MEZZI HOLDINGS ARRANGES $3.0 MILLION PRIVATE PLACEMENT
November 24, 2017: Mezzi Holdings Inc. (“Mezzi”, or the “Company”) (TSX-V: MZI, FRA: 0MZ) intends to complete a non-brokered private placement to raise up to $3,000,000 through the distribution of 15 million units of the Company at a price of $0.20 per unit. Each unit will comprise one common share (“Shares”) and one-half of one share purchase warrant (“Warrants”), each whole Warrant entitling the holder to acquire one additional Share at $0.35 for a period of 12 months.

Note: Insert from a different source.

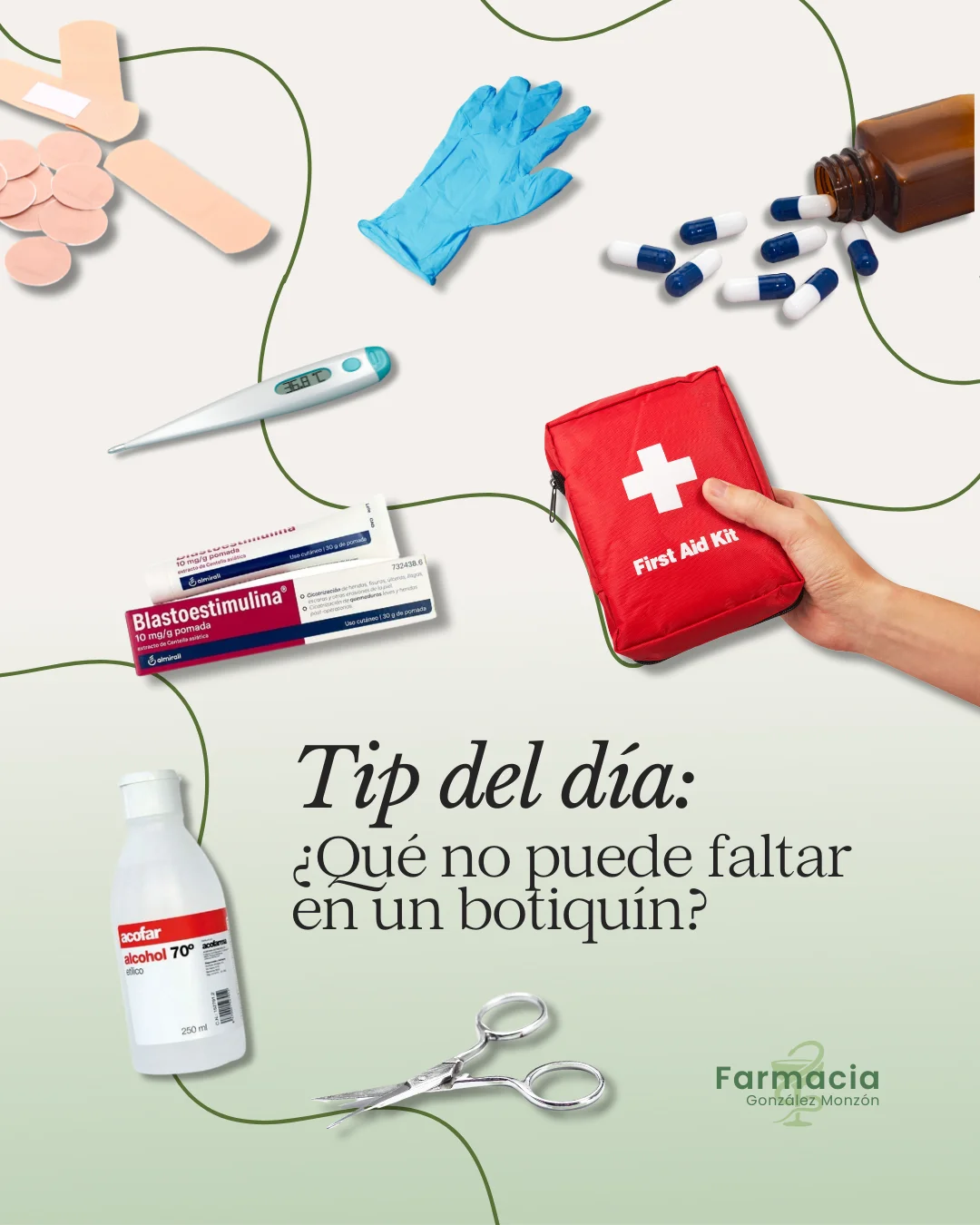 Post de redes sociales para Farmacia González Monzón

The Warrants will include an acceleration clause to the effect that if at any time after four months following the issuance of the Warrants, the closing trading price of the Shares on the TSX Venture Exchange (the “Exchange”) is greater than $0.50 per Share for a period of ten consecutive trading days, then the Company may give notice to the holders of Warrants of its intention to shorten the exercise term of the Warrants, following which the holders thereof will have a period of not less than 30 days to exercise the Warrants, failing which the Warrants will automatically expire.
The Company has executed a non-binding letter of intent to make an initial investment in a private blockchain technology company. No definitive documentation has yet been signed by the parties, and there is no certainty that such documentation will be signed. This proposed investment is anticipated to be the first of several to enhance the use of e-commerce, blockchain and cryptocurrency technologies in the markets in which the Company currently carries on business, and in related sectors.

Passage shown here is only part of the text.